High-mountain ecosystems extend above the upper limit of the timberline and exhibit many features of great ecologic value worldwide: Constituting one-fifth of the land area of the planet; such elevated regions represent one of the main sources of fresh water, serve as refuge for various animals and plants that are not found at lower altitudes, exhibit a wide biologic diversity because of substantial environmental variability; and are generally not modified by anthropic interference (Ferreyra et al. 2006). This last feature feature gives those elevated landscapes a sacrosanct status in this day and age. Owing to the harsh living conditions in high mountain environments, the resident biota of such regions display adaptive strategies that are of special interest from the biologic, ecologic, and biogeographic points of view (Körner 1999). High-mountain ecosystems-typically unstable and immature-are characterized by shallow surface soils; low temperatures but with a wide temperature range; rainfall in all four seasons; snow accumulation during at least some part of the year (i. e., between May and November in Argentina); low relative humidity; high radiation levels; strong winds; and low partial pressures of oxygen, and carbon dioxide (Ferreyra 1995). These ecosystems are home to different habitats, distributed in the form of islands (such as screes, meadows, and high-altitude steppes) that allow the development of diverse plant communities adapted to those environmental conditions. The high-Andean environments harbor more than 300 plant species (Ferreyra 1995; Ferreyra et al. 2006), of which flora little is known regarding its association with mycorrhizal fungi or other fungal endophytes.

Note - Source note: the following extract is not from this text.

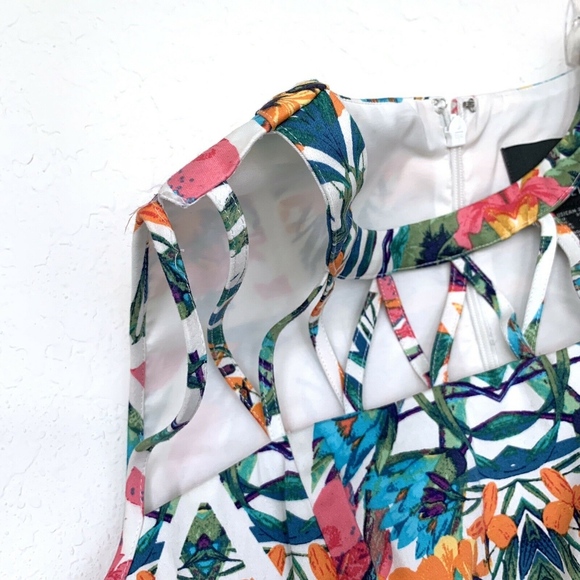 Adrianna Papell Floral Caged Yoke Sheath Dress - Picture 5 of 8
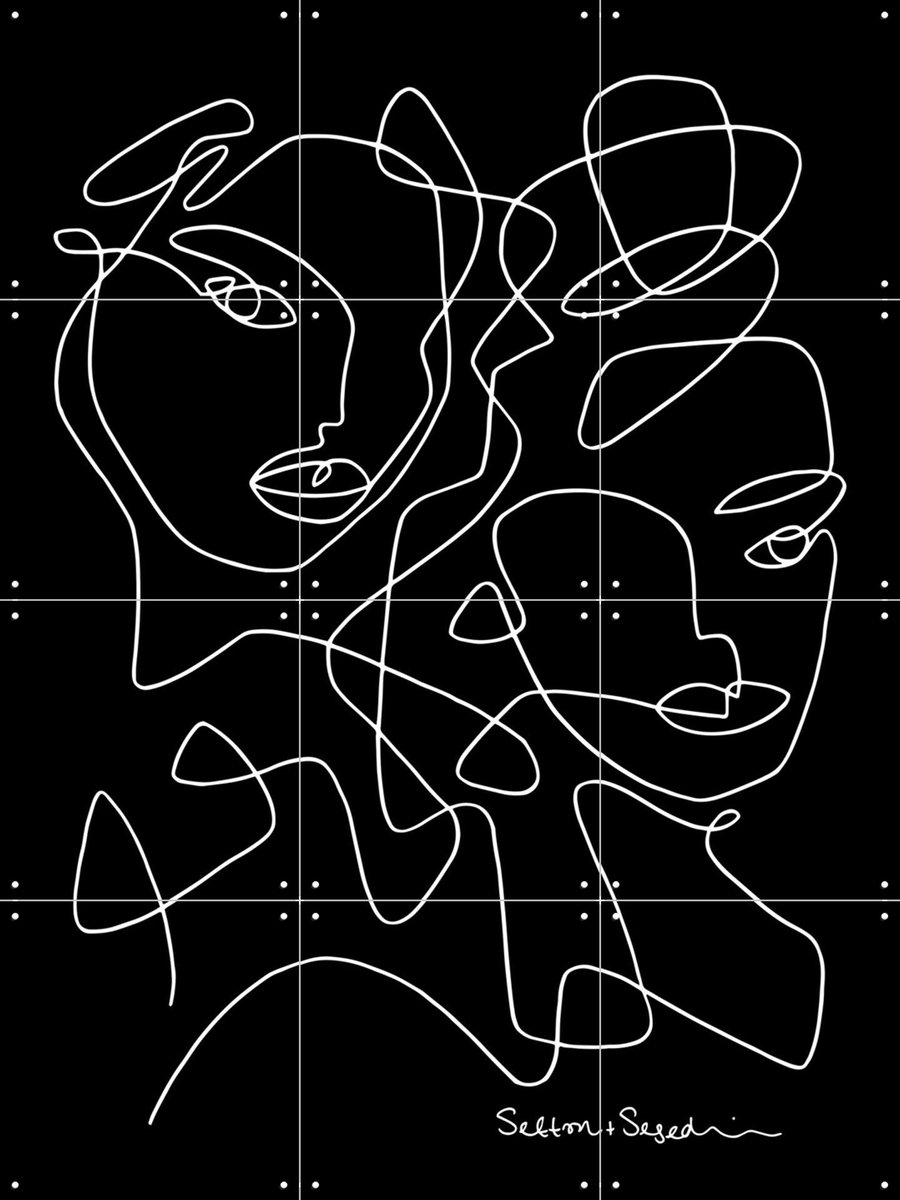 IXXI The Blossoming black, Sefton & Segedin - 60 x 80 cm - Gratis ophangtool - Grote wanddecoratie en posters - Line art, Illustraties, Grafisch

Arbuscular mycorrhizal fungi (AMF; phylum Glomeromycota) are common soil denizens that establish an arbuscular mycorrhizal association with a great majority of land plants (Wang & Qiu 2006). Those fungi provide several ecosystem services including promoting plant growth and nutrient uptake, increasing plant resistance to drought along with protection against biotic stresses, and enhancing soil stability and water retention (Gianinazzi et al. 2010). Therefore, that symbiotic association constitutes an key strategy for assisting plants to cope with extreme environmental conditions (Smith & Read 2008), such as occur in high-altitude ecosystems. Previous investigations have indicated that plants occurring in the high Andes of Peru at altitudes of up to 5,391 m (Schmidt et al. 2008) and in the Bolivian Andes at heights between 3,700 and 4,000 m (Urcelay et al. 2011) are associated with AMF and dark septate endophytes. The species richness of AMF in high-altitude environments has also been reported (Lugo et al. 2008; Oehl et al. 2011a; Oehl & Koerner 2014) and new resident species described (Oehl et al. 2012; Palenzuela et al. 2014).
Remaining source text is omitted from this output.